STARTING next year, the government will no longer pay contributions to the second pension pillar for recipients of a disability pension.
People who receive disability pensions will only be able to use the state-run, first pension pillar, said Oľga Škorecová, spokeswoman for the Ministry of Labour, Social Affairs and the Family.
If a citizen becomes disabled after 20 years of saving in the second, or capitalisation, pension pillar, his or her saved money will stay with the pension fund management company, the SITA newswire reported. Because such people have met the terms of the minimum saving period, they will receive a pension from the capitalisation pillar upon retirement. The amount of this pension will correspond to their 20 years of saving.

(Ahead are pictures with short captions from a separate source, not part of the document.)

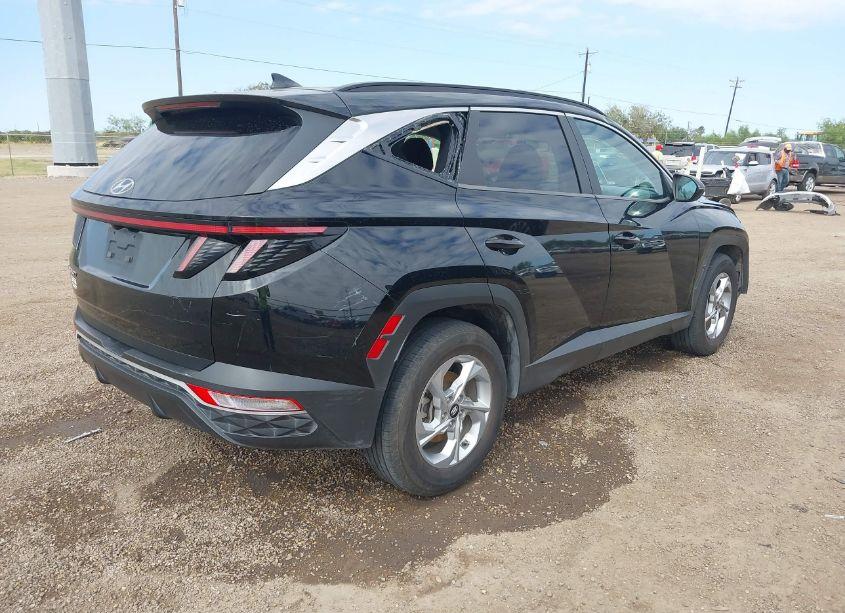 Photo 4 of 2022 Hyundai Tucson SEL (VIN 5NMJB3AE1NH081947)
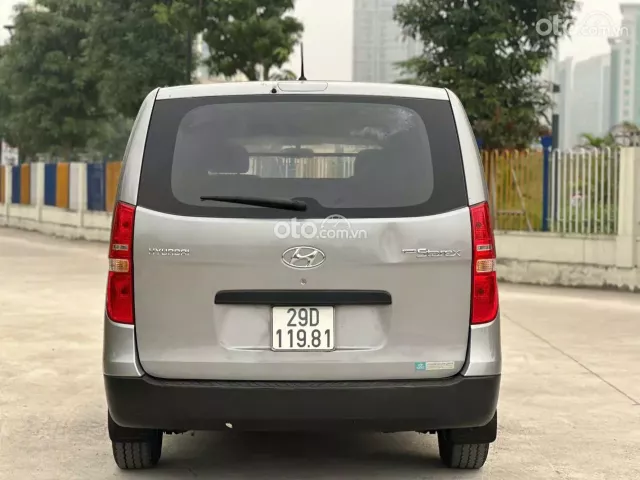 Hyundai Grand Starex 2.5 MT 2017
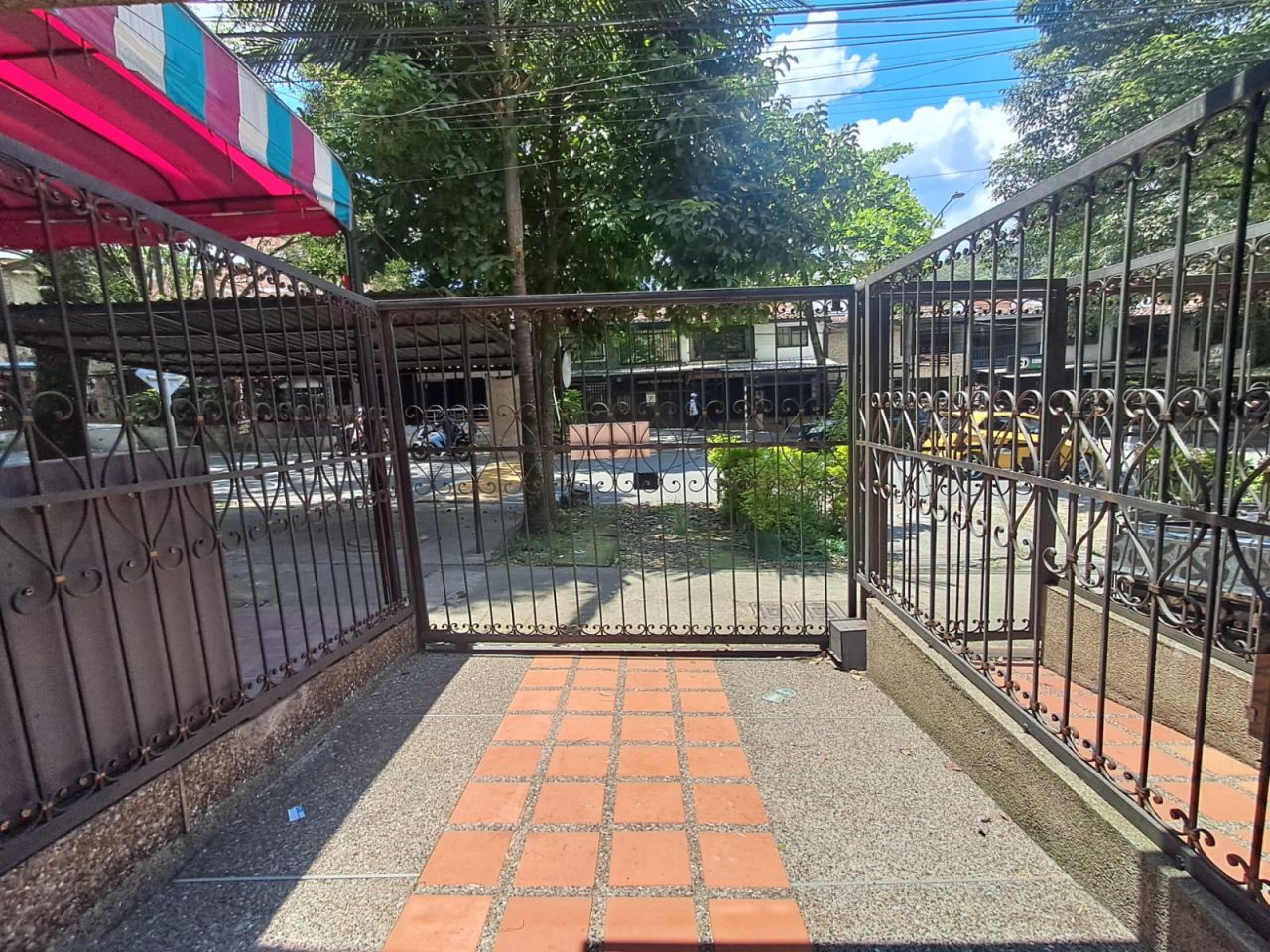 Apartamento en arriendo Antioquia Medellín Altavista 117 m2 Habitaciones 3 Baños 3 Garajes 1 Precio $0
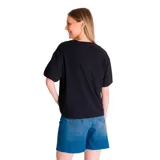 Remera de algodón de corte boxy y ajuste holgado, color negro con lavado enzimático. Presenta cuello redondo, mangas cortas y logo de la marca bordado en el pecho y en la manga izquierda.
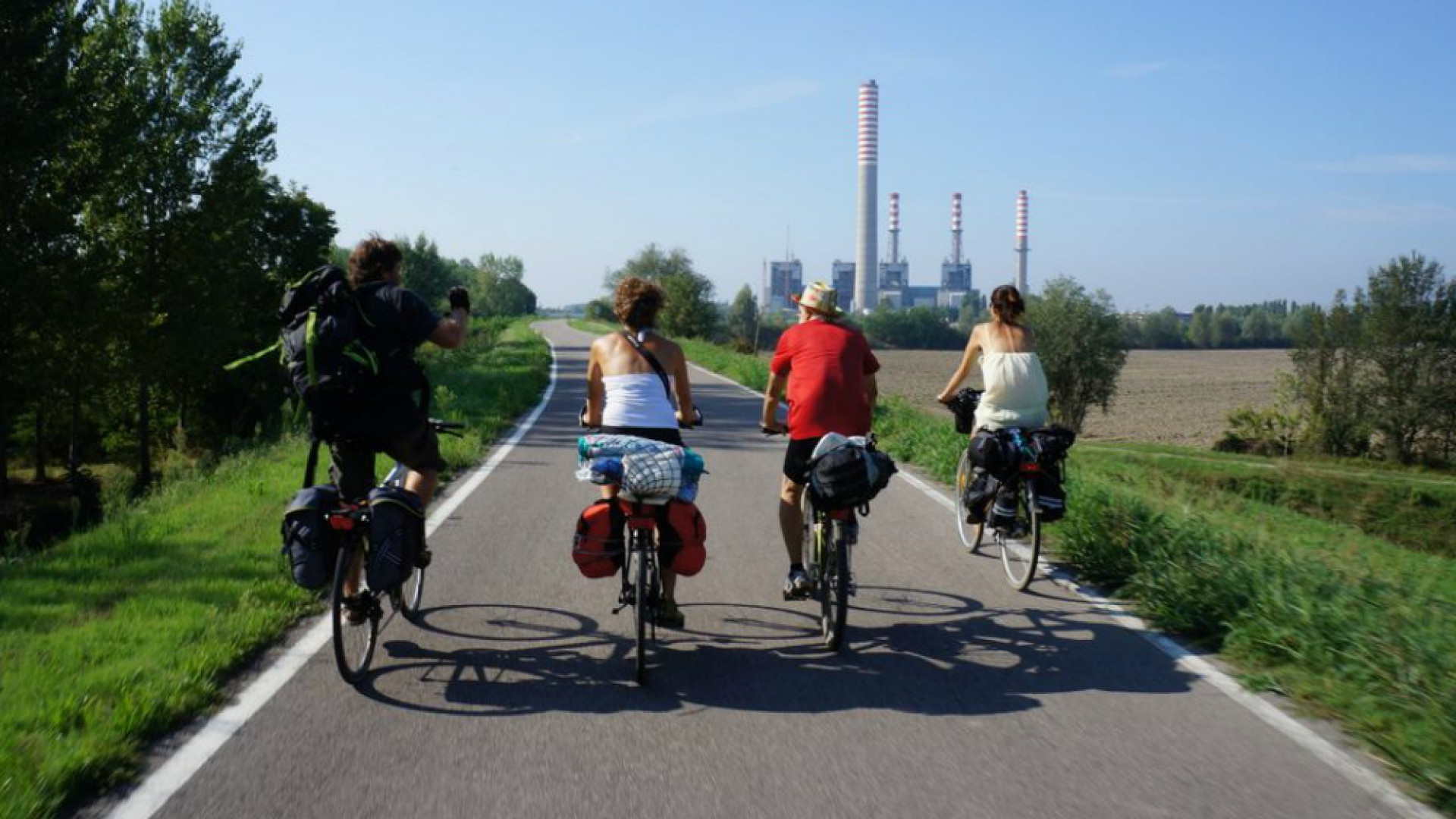 Immagine di Da Milano a Sabbioneta, il ciclotour passa da Crema mercoledì al Museo Civico il racconto della pedalata presenti istituzioni, opeatori turistici e commerciali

Under a proposed amendment drafted by the chair of the Parliamentary Committee for Social Affairs and Housing, Jozef Halecký (HZDS), the state would only continue paying contributions to the second pension pillar for people on maternity or paternity leave and those who provide care for people with special needs. The committee approved the proposal last week.
Starting next year, entry into the second pillar will become voluntary for people born after December 31, 1986. Young people will have the opportunity to decide, within six months of starting their first job, whether to enter the second pension pillar or remain in the state-run, pay-as-you-go system. The revision to the Law on Social Insurance, submitted by the Labour Ministry, only allows for voluntary entry to the second pension pillar only in the first half of 2008. Entry for young people is to remain mandatory.